The Historian by Elizabeth Kostova
My rating: 2 of 5 stars
Boy did I get suckered into this one. I remember when this came out; it was everywhere. I'd just had a baby so I glanced at it several times and thought "That would be a fun DaVinci Code kind of read when I have time someday." Never picked it up. Never even looked very carefully at the cover.
Then we bought a Nook so that we could travel with our precociously well-read 8 year old without hauling a steamer trunk of books along with us. I was perusing the e-books available at the library and this popped up. "Perfect!" I thought. "I'll read this on vacation!"
But wait.

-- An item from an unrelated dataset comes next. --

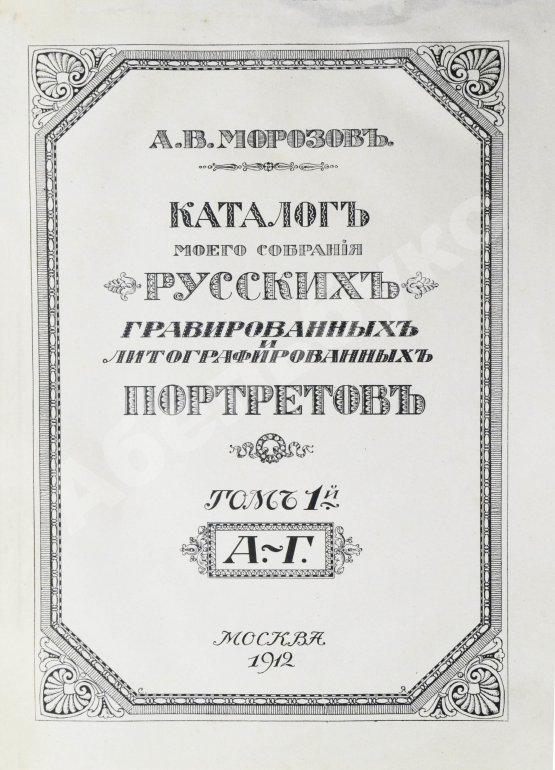 Антикварная книга Морозов, А.В. Каталог моего собрания русских гравированных и литографированных портретов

It's about VAMPIRES?
How the hell could I have missed that?
I'm about 2/3rds of the way through; finding it ponderous, convoluted and stodgy but still engaging because of Kostova's ability to evoke a sense of place. You can almost smell Istanbul. In a good way.
But what editor anywhere thought it would be a good idea to faithfully fictionalize a scholarly article about a 14th century travel log? Zzzzzzzz.
And, wait. Vampires? Really?
And now I'm done and feel the need to edit the whole damn thing so that it has a sense of pacing and story arch.
And, really? One lucky shot was enough?
BUT I did, in fact, read the whole thing, so that's saying something, I suppose.